-- Exercise aim --
Repeat precisely the line in which "Scooter para Labubu" occurs and all lines that follow it in the entries below. Pictures must be omitted.

-- Caption-style text data --

"""

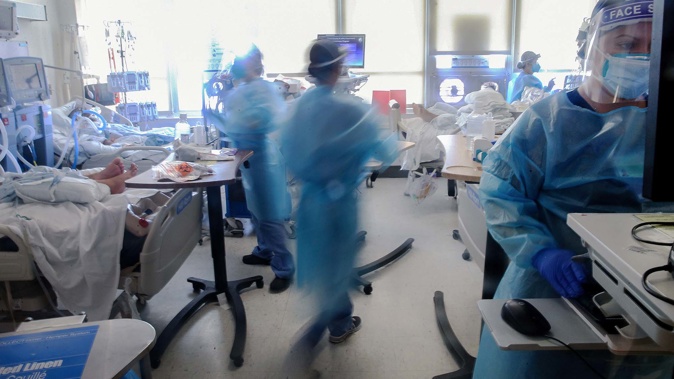 As many as one in three people infected with Covid-19 have longer term mental health or neurological symptoms. (Photo / Getty)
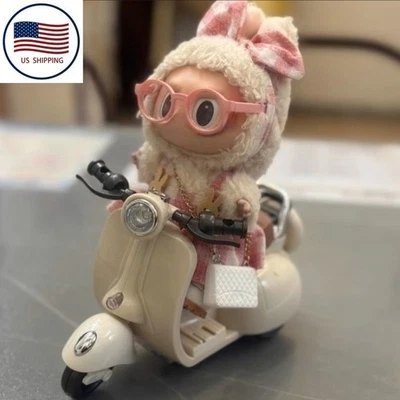 Scooter para Labubu Moto Motociclistas Muñeca Accesorios con Luz Música Foto 1 de 4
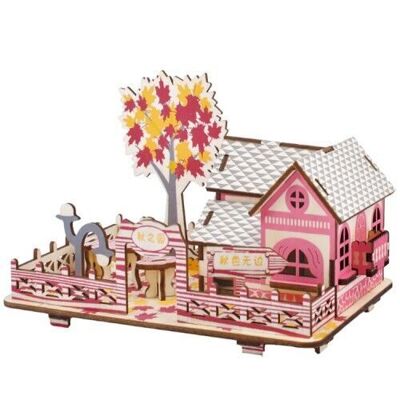 Building kit House Autumn wood color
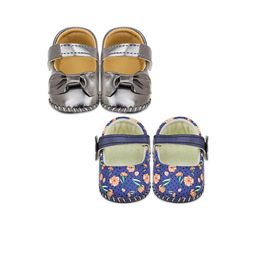 NESKA MODA Girls Set of 2 Velcro Booties-picture-9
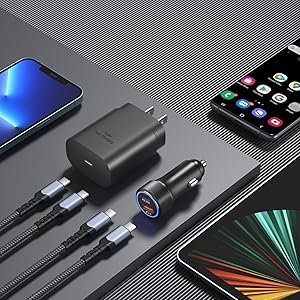 super fast car charger kit set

"""

-- Written response --
 Scooter para Labubu Moto Motociclistas Muñeca Accesorios con Luz Música Foto 1 de 4
 Building kit House Autumn wood color
 NESKA MODA Girls Set of 2 Velcro Booties-picture-9
 super fast car charger kit set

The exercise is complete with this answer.